EXERCISE INSTRUCTIONS: Quote only the lines that start at the line with "Load image into" and run to the end of the entries; omit the pictures.

++++ EXERCISE INPUTS ++++

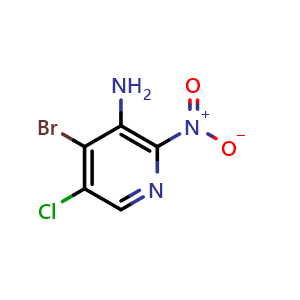Chemical structure of 4-bromo-5-chloro-2-nitropyridin-3-amine , CAS 1701534-63-5, AChemBlock Q61067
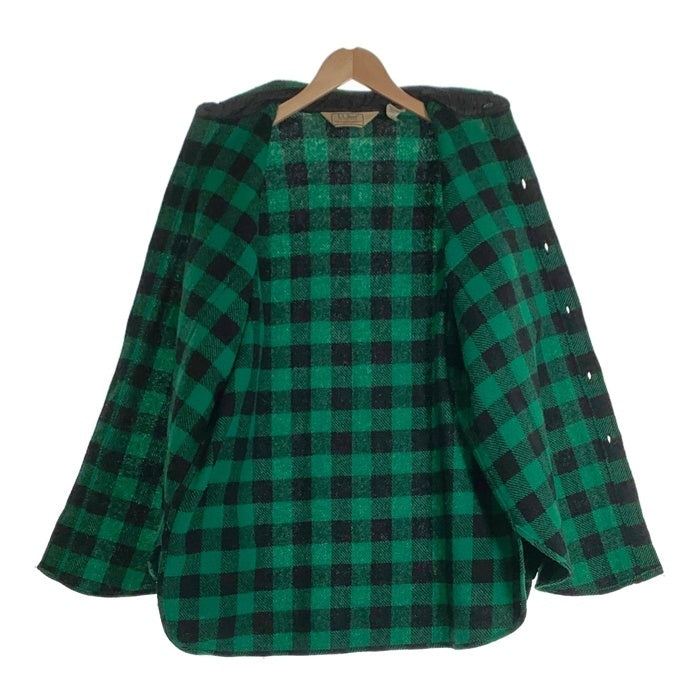 80's L.L. Bean エルエルビーン 長袖 バッファローチェック フランネル シャツ グリーン ブラック USA製 Size L (16 16 1/2) 福生店
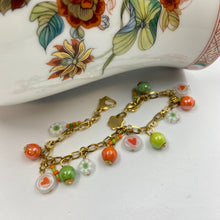 Load image into Gallery viewer, Orange-Green Millefiori - Porcelain Bracelet
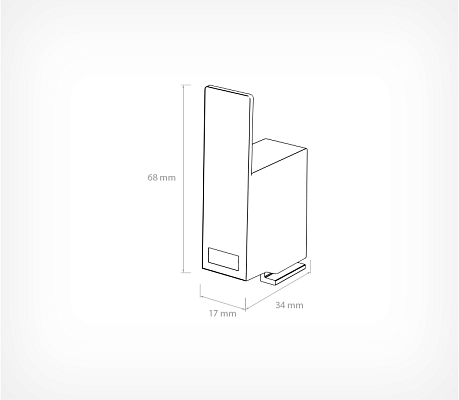 Pusher house 15х68 mm SLIMA drawing with dimensions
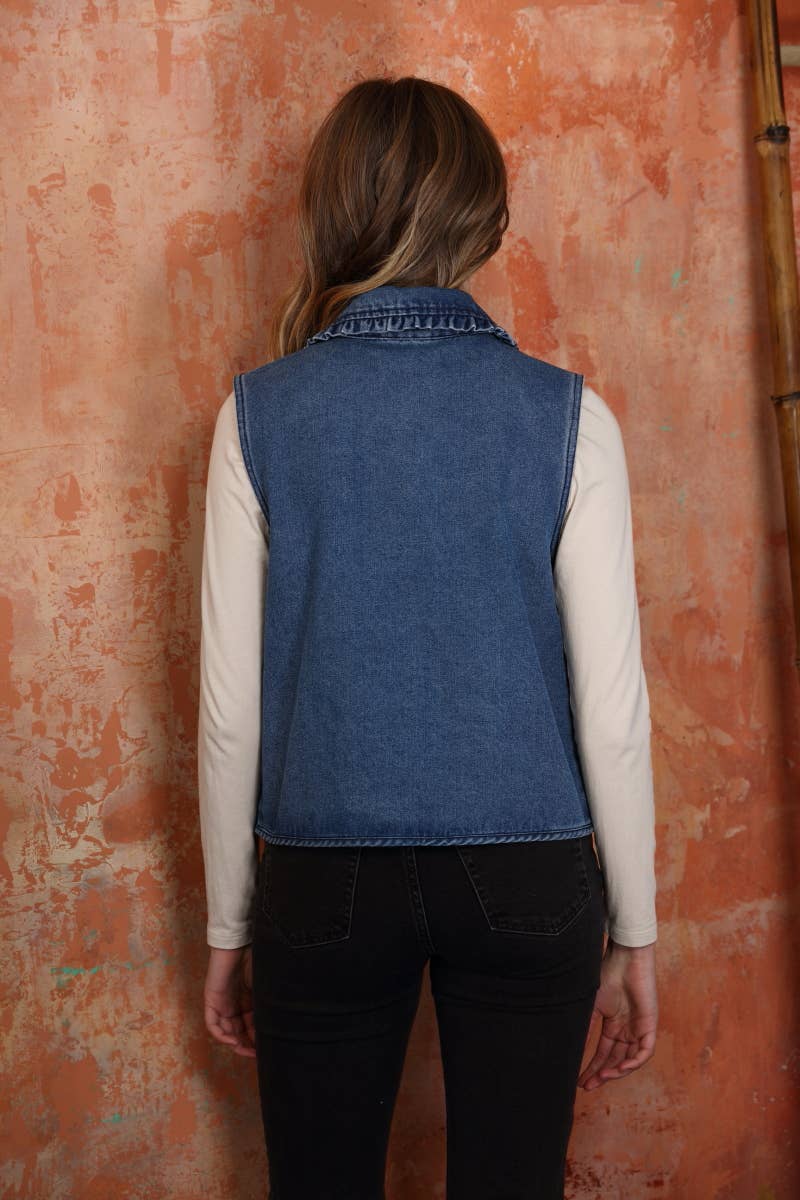 Denim Ruffle Collar Washed Front Bow Tie Vest: Blue Blast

++++

RESPONSE TO THIS TASK:
 Load image into Gallery viewer, Orange-Green Millefiori - Porcelain Bracelet
 Pusher house 15х68 mm SLIMA drawing with dimensions
 Denim Ruffle Collar Washed Front Bow Tie Vest: Blue Blast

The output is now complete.